Avions à l'hydrogène

Fives conçoit et fournit des machines, des équipements et des lignes de production pour les plus grands industriels mondiaux. Sa branche cryogénie, leader avec "près de la moitié du marché mondial", fabrique des échangeurs de chaleur à Golbey depuis 1959.

Mais pour répondre au défi de l'hydrogène, elle a investi dans un vaste programme de recherche pour "développer une mobilité décarbonée grâce à l'hydrogène liquide", représentant un financement total de 7,5 millions d'euros (dont 3,4 millions financés par l'Ademe, l'agence de la transition écologique), lancé au printemps.

Ce programme, baptisé HyGen, doit "permettre de répondre à la demande croissante du marché de l'hydrogène, qui induira de passer à de l'hydrogène liquide" pour que demain "des avions volent avec de l'hydrogène, les camions ou les trains roulent aussi avec", selon Vincent Pourailly.

De nombreux échangeurs pour la liquéfaction de ce gaz, perfectionnés, devraient donc continuer à être conçus dans les Vosges. La production d'hydrogène dans le monde doit doubler entre 2024 et 2030, selon des estimations.

Et la part d'hydrogène liquide, infime, de l'ordre d'un million de tonnes, selon M. Pourailly, devrait atteindre trois millions de tonnes en 2030, raison pour laquelle des équipements pour sa production doivent être livrés "rapidement" chez les clients de Fives.

Au total, 300 à 400 échangeurs par an sortent de l'usine de Golbey, ainsi que des boîtes froides. Ils peuvent aller directement chez le client, ou bien en Chine, où Fives Cryo dispose d'une antenne.

École de soudure

Avec quelque 350 employés sur son site de Golbey, Fives doit aussi trouver la main d'œuvre nécessaire à son développement.

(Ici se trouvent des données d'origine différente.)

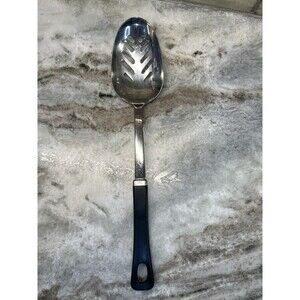 Ski & Sea Stainless Serving Slotted Spoon Black Handle 13” Japan EUC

Beaucoup de compétences sont nécessaires, pour M. Grivel : dans les métiers de la soudure mais aussi la mécanique de précision. Les échangeurs sont notamment soumis à des tests pneumatiques, ou à l'hélium, pour tester leur résistance et leur étanchéité. Cette contrainte étant très forte pour les échangeurs à hydrogène.

C'est par une école à destination des soudeurs, installée dans un box fermé dans l'usine, que Fives Cryo forme une quinzaine de personnes par an, souvent en reconversion.

Présent dans 25 pays, avec près de 9 000 collaborateurs, Fives a réalisé en 2023 un chiffre d'affaires de près de 2,4 milliards d'euros et affichait début 2024 un carnet de commandes "record".

Ses actionnaires sont les fonds de pension canadiens CDPQ et PSP, le fonds d'investissement français Ardian ainsi que des dirigeants de l'entreprise. La banque publique d'investissement BPIFrance a annoncé en mars son entrée au capital du groupe.